■ TASK TO CARRY OUT ■
Look through the listing below for the line with "Toy imperial Shih" and the line with "Tree Planting in Crosby". Copy both, along with every line between them, exactly and with no pictures.

■ THE DATA ■
+ + +

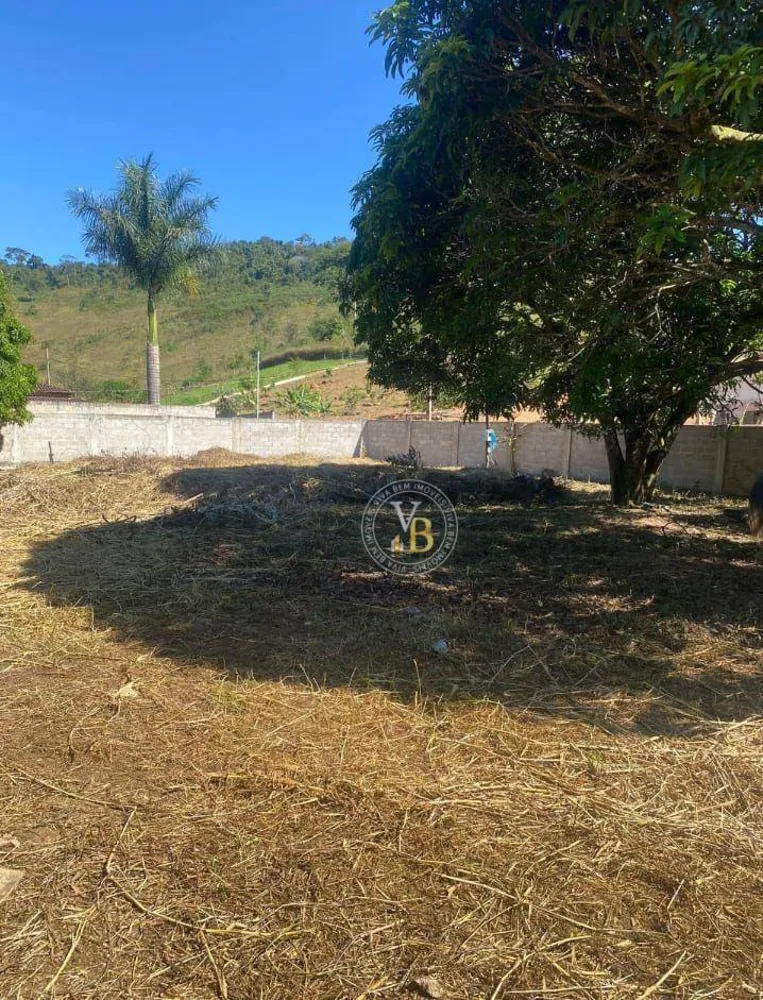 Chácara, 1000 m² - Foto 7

+ + +

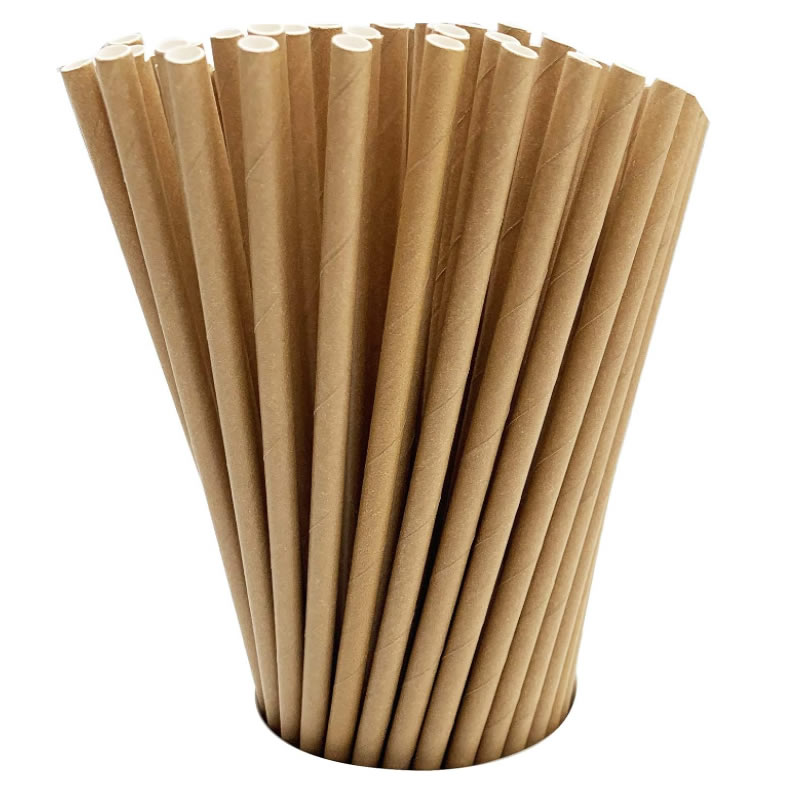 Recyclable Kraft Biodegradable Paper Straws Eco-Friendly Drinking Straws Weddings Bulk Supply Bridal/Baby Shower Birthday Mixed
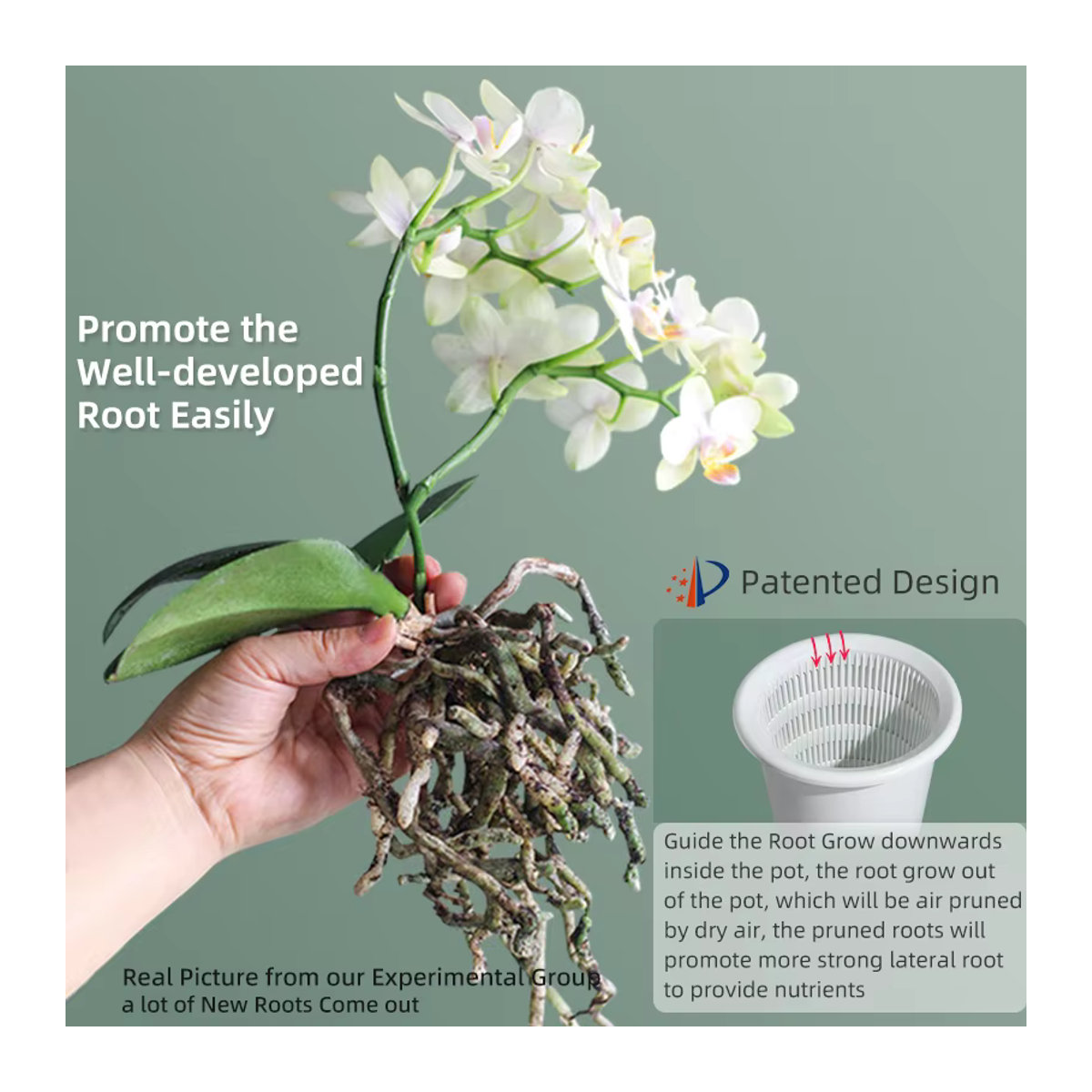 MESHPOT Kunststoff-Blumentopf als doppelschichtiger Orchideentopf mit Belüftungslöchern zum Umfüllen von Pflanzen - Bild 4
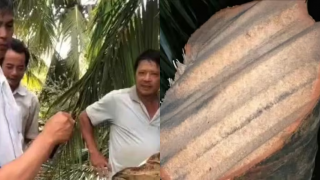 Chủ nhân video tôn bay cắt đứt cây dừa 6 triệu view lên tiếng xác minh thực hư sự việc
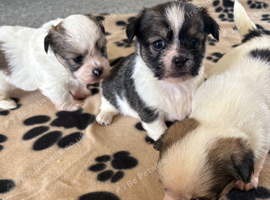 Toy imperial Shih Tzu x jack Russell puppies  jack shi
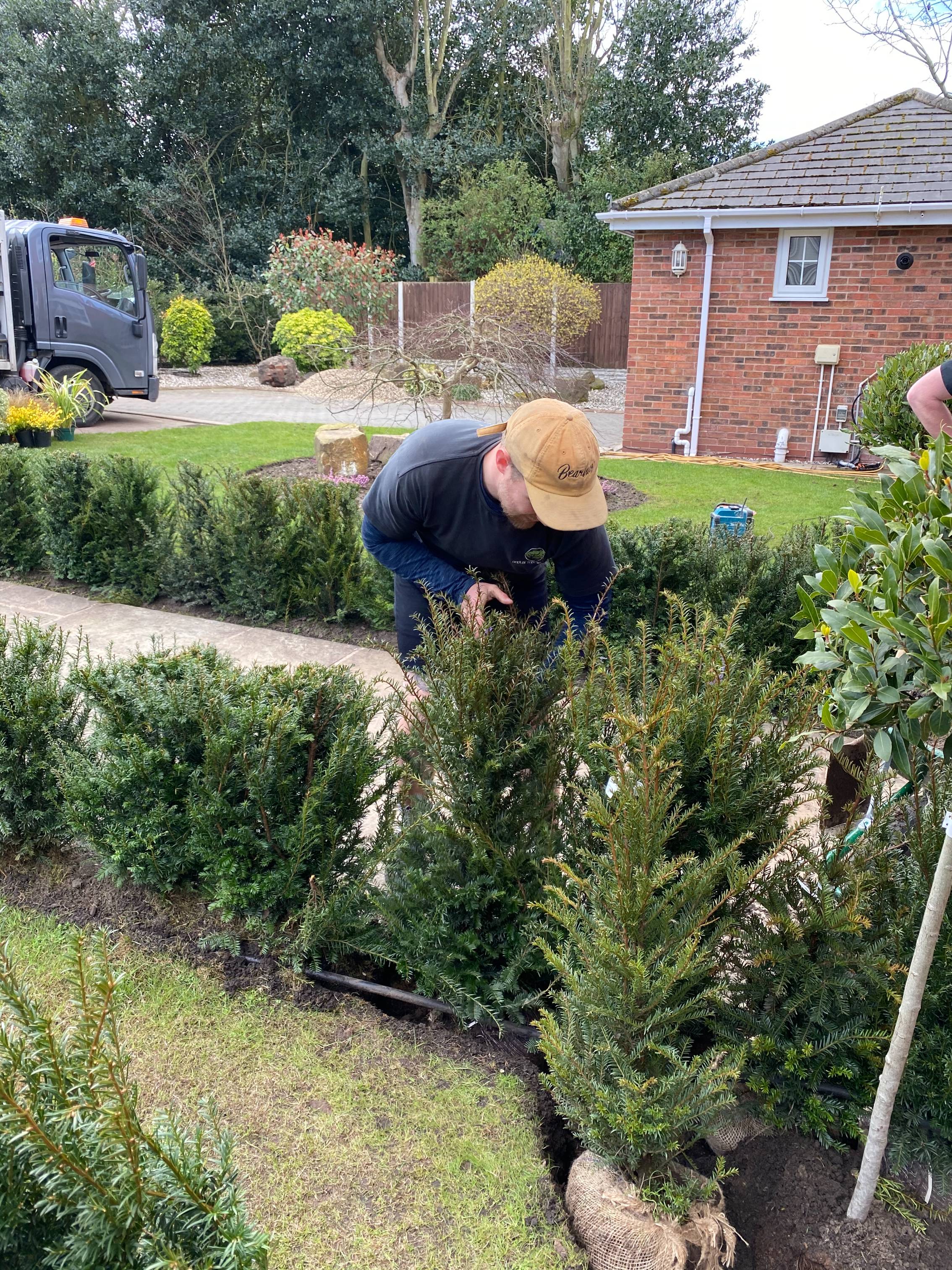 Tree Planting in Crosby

+ + +

■ YOUR RESPONSE ■
 Toy imperial Shih Tzu x jack Russell puppies  jack shi
 Tree Planting in Crosby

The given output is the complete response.